* Exercise description: Output exactly the lines below, starting with the line that has "Hatay’da depremzede ailenin" and going on through the line that has "The Project PT Download on Windows", both included, and no other lines.
===== Record set =====
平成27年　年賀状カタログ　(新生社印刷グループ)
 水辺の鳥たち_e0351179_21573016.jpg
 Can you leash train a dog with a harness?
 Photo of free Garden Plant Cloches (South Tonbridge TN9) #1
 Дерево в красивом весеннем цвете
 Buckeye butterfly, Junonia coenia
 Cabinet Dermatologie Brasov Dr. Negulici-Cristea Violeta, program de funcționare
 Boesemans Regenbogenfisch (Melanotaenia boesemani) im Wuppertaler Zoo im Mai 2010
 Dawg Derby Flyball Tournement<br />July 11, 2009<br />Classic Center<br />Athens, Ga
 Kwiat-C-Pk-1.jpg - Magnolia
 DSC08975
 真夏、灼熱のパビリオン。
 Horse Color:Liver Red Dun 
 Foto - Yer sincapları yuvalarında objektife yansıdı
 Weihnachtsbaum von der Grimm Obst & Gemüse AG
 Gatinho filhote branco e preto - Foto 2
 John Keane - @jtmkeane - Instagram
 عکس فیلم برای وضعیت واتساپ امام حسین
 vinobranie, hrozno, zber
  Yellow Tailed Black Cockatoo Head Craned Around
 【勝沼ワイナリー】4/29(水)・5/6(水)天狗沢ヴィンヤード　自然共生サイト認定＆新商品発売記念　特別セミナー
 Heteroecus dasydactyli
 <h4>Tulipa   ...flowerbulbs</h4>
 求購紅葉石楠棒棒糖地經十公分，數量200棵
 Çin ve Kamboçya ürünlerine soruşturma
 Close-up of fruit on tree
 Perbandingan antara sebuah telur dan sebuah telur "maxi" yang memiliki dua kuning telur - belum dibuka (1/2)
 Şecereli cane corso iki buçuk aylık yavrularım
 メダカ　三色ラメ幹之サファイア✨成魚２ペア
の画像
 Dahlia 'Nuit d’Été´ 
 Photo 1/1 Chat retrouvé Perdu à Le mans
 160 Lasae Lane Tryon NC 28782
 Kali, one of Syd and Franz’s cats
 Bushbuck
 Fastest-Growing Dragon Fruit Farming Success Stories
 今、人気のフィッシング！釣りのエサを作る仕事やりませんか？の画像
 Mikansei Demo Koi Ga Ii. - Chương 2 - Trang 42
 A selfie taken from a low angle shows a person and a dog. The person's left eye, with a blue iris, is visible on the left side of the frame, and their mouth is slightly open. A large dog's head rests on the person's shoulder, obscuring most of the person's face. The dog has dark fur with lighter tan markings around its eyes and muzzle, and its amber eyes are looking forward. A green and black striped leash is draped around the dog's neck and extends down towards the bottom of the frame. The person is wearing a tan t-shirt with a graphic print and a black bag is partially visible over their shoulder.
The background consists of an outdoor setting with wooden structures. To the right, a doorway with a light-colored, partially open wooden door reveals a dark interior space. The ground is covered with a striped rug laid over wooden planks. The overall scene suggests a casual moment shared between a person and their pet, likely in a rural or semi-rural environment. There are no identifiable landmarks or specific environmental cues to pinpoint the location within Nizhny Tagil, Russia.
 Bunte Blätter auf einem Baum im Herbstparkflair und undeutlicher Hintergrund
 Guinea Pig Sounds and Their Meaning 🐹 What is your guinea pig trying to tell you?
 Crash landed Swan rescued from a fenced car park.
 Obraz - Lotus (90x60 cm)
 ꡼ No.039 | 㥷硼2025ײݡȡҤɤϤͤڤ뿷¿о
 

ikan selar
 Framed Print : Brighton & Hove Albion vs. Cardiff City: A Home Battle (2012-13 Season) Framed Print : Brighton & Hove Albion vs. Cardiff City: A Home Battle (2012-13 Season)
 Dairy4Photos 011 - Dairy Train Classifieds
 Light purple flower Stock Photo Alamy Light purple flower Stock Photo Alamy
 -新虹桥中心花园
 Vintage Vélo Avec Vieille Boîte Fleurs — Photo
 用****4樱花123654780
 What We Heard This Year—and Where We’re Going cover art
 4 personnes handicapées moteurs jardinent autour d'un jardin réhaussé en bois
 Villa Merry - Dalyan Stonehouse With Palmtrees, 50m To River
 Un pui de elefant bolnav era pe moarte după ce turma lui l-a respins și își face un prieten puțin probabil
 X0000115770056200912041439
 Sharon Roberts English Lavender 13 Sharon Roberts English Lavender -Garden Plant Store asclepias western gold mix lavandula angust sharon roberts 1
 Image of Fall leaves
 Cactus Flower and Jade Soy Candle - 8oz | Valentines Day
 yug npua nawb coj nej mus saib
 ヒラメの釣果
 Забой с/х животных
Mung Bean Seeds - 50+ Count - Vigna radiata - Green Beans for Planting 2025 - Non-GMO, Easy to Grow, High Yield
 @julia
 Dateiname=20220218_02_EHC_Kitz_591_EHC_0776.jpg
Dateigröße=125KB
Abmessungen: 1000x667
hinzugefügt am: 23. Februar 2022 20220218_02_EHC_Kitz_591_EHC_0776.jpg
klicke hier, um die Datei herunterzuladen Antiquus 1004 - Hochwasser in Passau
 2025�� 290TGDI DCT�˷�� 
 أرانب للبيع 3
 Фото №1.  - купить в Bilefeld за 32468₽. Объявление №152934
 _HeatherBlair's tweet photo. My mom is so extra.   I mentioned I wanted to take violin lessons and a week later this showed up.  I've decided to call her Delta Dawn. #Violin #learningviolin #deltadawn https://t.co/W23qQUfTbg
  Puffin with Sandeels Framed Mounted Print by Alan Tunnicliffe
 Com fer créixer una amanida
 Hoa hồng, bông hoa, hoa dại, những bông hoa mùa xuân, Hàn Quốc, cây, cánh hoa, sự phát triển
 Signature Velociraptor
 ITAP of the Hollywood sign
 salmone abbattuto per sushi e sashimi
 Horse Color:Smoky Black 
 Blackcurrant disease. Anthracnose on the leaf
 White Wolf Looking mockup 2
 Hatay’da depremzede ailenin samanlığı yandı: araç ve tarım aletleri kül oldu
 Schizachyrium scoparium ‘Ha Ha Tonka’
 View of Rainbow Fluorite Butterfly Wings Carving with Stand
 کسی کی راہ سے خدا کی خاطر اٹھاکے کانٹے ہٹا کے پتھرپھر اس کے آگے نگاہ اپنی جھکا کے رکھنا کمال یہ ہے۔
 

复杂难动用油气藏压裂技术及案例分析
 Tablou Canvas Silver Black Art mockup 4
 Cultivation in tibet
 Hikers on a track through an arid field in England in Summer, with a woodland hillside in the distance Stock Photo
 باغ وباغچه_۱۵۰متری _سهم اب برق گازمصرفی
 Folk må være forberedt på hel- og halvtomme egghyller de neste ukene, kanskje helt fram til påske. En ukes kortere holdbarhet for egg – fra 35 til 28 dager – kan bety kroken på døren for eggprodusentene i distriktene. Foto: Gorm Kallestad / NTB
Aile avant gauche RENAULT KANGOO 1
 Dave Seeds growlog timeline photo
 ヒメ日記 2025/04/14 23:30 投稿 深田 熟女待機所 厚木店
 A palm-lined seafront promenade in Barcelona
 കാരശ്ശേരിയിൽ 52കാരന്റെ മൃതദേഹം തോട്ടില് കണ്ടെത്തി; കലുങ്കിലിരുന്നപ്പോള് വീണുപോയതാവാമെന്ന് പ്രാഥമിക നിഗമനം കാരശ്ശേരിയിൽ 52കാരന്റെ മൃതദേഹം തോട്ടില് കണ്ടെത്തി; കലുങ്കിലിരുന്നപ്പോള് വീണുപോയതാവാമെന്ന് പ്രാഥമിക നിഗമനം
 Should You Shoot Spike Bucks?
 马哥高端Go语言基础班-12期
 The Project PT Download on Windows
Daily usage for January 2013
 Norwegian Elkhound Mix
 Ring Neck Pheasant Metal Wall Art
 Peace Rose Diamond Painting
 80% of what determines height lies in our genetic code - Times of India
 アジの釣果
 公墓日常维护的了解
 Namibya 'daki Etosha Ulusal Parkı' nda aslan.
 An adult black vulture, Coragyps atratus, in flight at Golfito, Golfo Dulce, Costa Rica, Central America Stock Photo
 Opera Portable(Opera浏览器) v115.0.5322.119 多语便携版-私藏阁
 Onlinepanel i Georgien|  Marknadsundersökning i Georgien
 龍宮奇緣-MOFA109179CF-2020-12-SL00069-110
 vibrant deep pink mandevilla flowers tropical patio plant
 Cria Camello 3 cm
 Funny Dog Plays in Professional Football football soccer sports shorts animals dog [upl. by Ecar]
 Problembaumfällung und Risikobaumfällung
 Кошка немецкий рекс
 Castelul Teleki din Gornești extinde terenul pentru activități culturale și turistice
=====
* Exercise solution:
 Hatay’da depremzede ailenin samanlığı yandı: araç ve tarım aletleri kül oldu
 Schizachyrium scoparium ‘Ha Ha Tonka’
 View of Rainbow Fluorite Butterfly Wings Carving with Stand
 کسی کی راہ سے خدا کی خاطر اٹھاکے کانٹے ہٹا کے پتھرپھر اس کے آگے نگاہ اپنی جھکا کے رکھنا کمال یہ ہے۔
 

复杂难动用油气藏压裂技术及案例分析
 Tablou Canvas Silver Black Art mockup 4
 Cultivation in tibet
 Hikers on a track through an arid field in England in Summer, with a woodland hillside in the distance Stock Photo
 باغ وباغچه_۱۵۰متری _سهم اب برق گازمصرفی
 Folk må være forberedt på hel- og halvtomme egghyller de neste ukene, kanskje helt fram til påske. En ukes kortere holdbarhet for egg – fra 35 til 28 dager – kan bety kroken på døren for eggprodusentene i distriktene. Foto: Gorm Kallestad / NTB
Aile avant gauche RENAULT KANGOO 1
 Dave Seeds growlog timeline photo
 ヒメ日記 2025/04/14 23:30 投稿 深田 熟女待機所 厚木店
 A palm-lined seafront promenade in Barcelona
 കാരശ്ശേരിയിൽ 52കാരന്റെ മൃതദേഹം തോട്ടില് കണ്ടെത്തി; കലുങ്കിലിരുന്നപ്പോള് വീണുപോയതാവാമെന്ന് പ്രാഥമിക നിഗമനം കാരശ്ശേരിയിൽ 52കാരന്റെ മൃതദേഹം തോട്ടില് കണ്ടെത്തി; കലുങ്കിലിരുന്നപ്പോള് വീണുപോയതാവാമെന്ന് പ്രാഥമിക നിഗമനം
 Should You Shoot Spike Bucks?
 马哥高端Go语言基础班-12期
 The Project PT Download on Windows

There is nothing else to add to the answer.